Goran Hadzic's Prosecution: International Justice at Last


On July 20, Goran Hadzic, the former president of the Republic of Serbian Krajina was arrested after seven years on the run. Of the 161 individuals indicted for war crimes by the International Criminal Tribunal for the Former Yugoslavia (ICTY), Hadzic is the last one to be captured. Hadzic is charged on counts of war crimes and crimes against humanity including torture, extermination and deportation of the non-Serb population of Croatia. The arrest of Hadzic, following the well-known arrests of Radovan Karadzic in 2008 and Ratko Mladic earlier this year, sets a milestone for the 18 years long work of the UN war crime tribunal.

By Marko Vlasic

August 13, 2011

The timing couldn't have been more auspicious. Just days after International Justice Day (the anniversary of the International Criminal Court's treaty adoption), justice caught up with Goran Hadzic, the UN war crimes tribunal's last remaining indictee.

On the run for seven years, Hadzic, whose charges include the slaughter of hundreds Croats and other non-Serbs from Vukovar hospital in 1991, was identified and arrested not for another violent act against non-Serbs, but for his illicit dealings in Italian art. The man behind one of the most infamous massacres during the war in the Balkans, the Vukovar massacre, was brought down after he attempted to sell allegedly plundered art – in this case, a Portrait of a Man, by 20th-century Italian painter, Amedeo Modigliani. The last time the spotlight focused on Hadzic, he was the president of republic of Serbian Krajina, in Serb-controlled Croatia. Once powerful, arrogant and seemingly invincible, despite a UN indictment for 14 counts of war crimes and crimes against humanity, and after years on the run, the former president, it seems, was reduced to peddling stolen art to survive.

For the "ad hoc" war crimes tribunal in The Hague, the arrest and recent court appearance of Hadzic marks the beginning of the end. Established by the United Nations security council in 1993, the tribunal's prosecutors indicted 161 alleged war criminals, from all three main ethnic groups in the former Yugoslavia – Serbs, Croats and Bosnian Muslims. Over the years, however, many have doubted whether all the indictees would be brought to justice.

And indeed, over the years, they have not all come willingly. On many occasions, including in many of the cases on which I once worked while in the office of the prosecutor, they were brought to justice not by local government arrests, but due to the outstanding assistance of Nato-led special forces commandos. It is fair to say that, in the earlier days of the tribunal, there would have been far fewer trials, had the tribunal been forced to rely entirely on local officials to arrest those who were indicted in The Hague.

Thankfully, over time, this has changed. National leaders in the Balkans, who once scored political points by bashing the tribunal and its professional staff, are now seeing the wisdom in cooperating with tribunal judges, prosecutors and staff – and perhaps not just to gain better standing in the eyes of the European Union and the United States. Sadly, not all national leaders have been equally cooperative and equally responsible. Some still continue to live in the past and, in doing so, arguably hinder their own future, and the future of their people.
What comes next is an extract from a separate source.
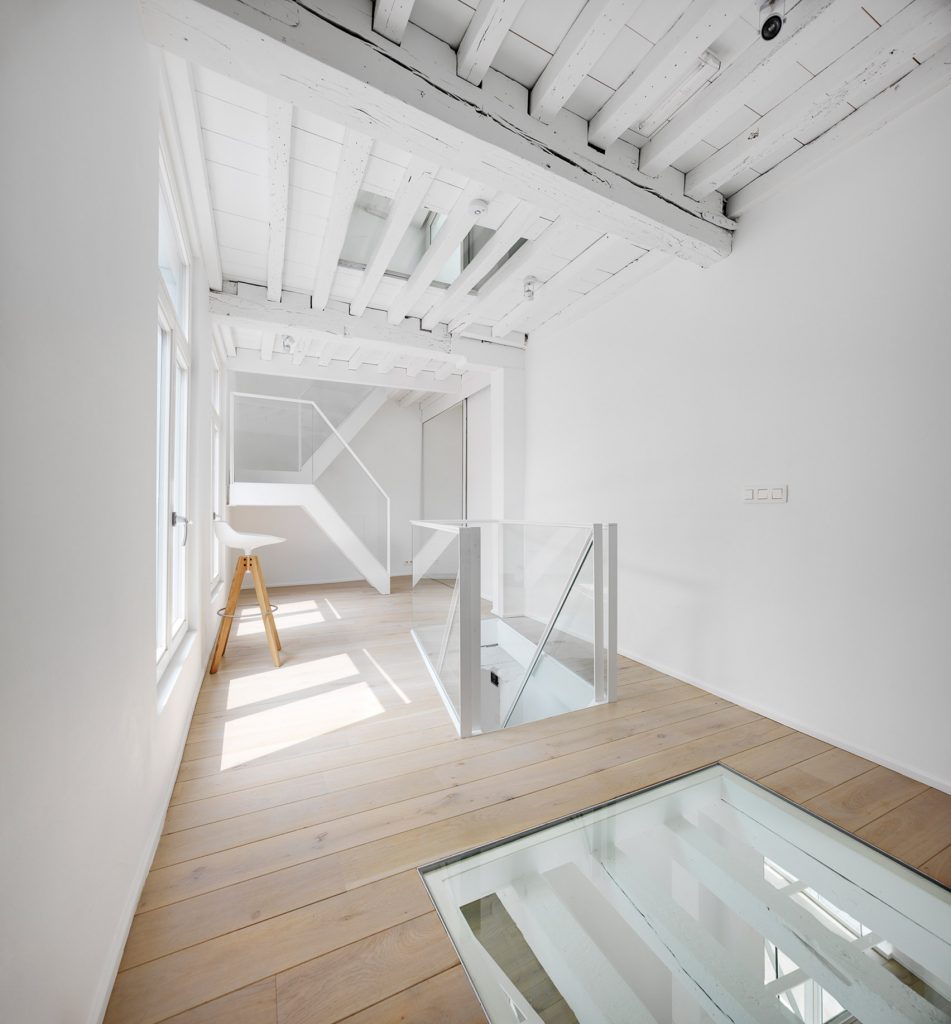 One Room Hotel by DMVA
But for those responsible officials who have decided to look forward, and for those who have chosen to assist the tribunal in its efforts to help bring peace and justice to the region, Hadzic's arrest marks, as Chief Prosecutor Serge Brammertz called it, a "milestone". Of the 161 indictments issued by the tribunal, not a single one now remains at large.
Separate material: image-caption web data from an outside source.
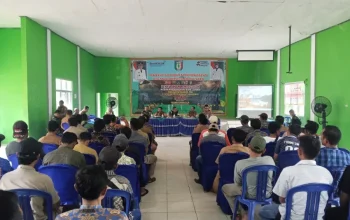 Tim Mabes TNI memberikan penyuluhan pencegahan kebakaran hutan dan lahan kepada aparatur pemerintahan serta masyarakat dari 10 pekon di Gedung Serbaguna Kecamatan Pagelaran Utara, Kabupaten Pringsewu. Sumber foto: Istimewa.
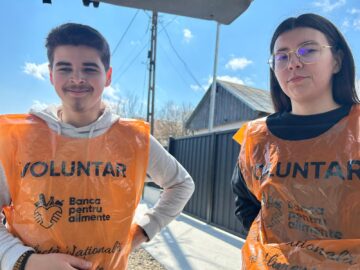 Tinerii voluntari din cadrul ATOS, implicați în campania „Ne pasă! Vă suntem alături!”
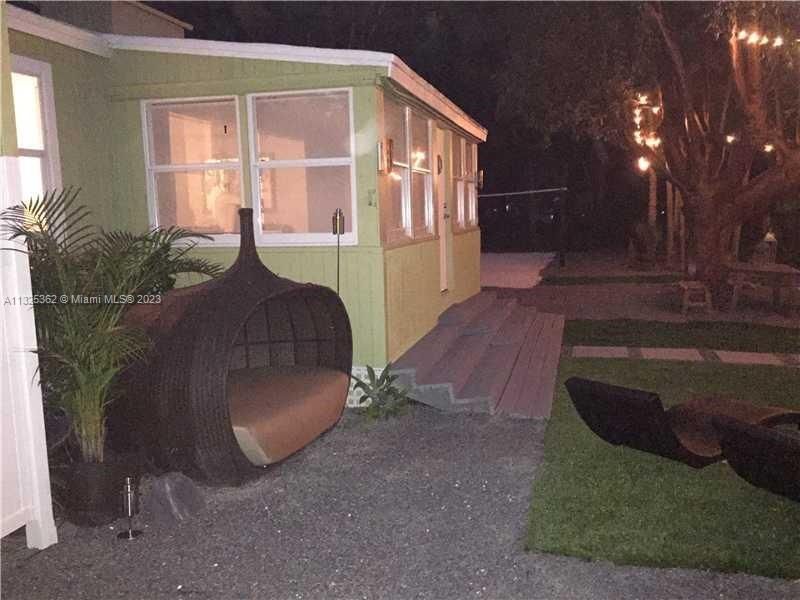 Recently Sold: $650,000 (2 beds, 2 baths, 1296 Square Feet)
For the experiment that is international justice and its international tribunals – an experiment that begin in Nuremberg 65 years ago – this is a milestone that should be celebrated. And those who made it possible can congratulate themselves: the tribunal's tenacious staff and their supporters, whether they may be found in the general assembly and security council of the United Nations, or in the many national government offices that decided, year after year, to provide additional funding and support to the institution.
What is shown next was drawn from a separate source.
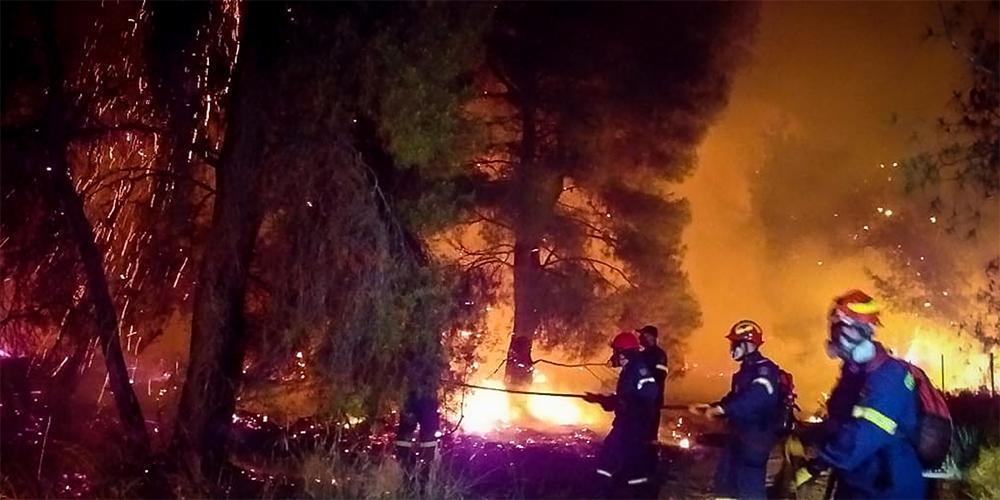 Μαίνεται η μεγάλη φωτιά στο Σχίνο Κορινθίας: Εκκενώθηκαν οικισμοί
But we should recognise that the triumph marked by Hadzic's court appearance will be short-lived. It will be overtaken quickly by events in Sudan, Syria, Libya and elsewhere in the world. But for those suffering in Sudan, Libya and elsewhere – and awaiting the day of justice for Omar Al-Bashir and Muammar Gaddafi – the Balkan milestone serves as a reminder that justice is possible and, with time, it will come – so long as we demand nothing less from our national and international leaders.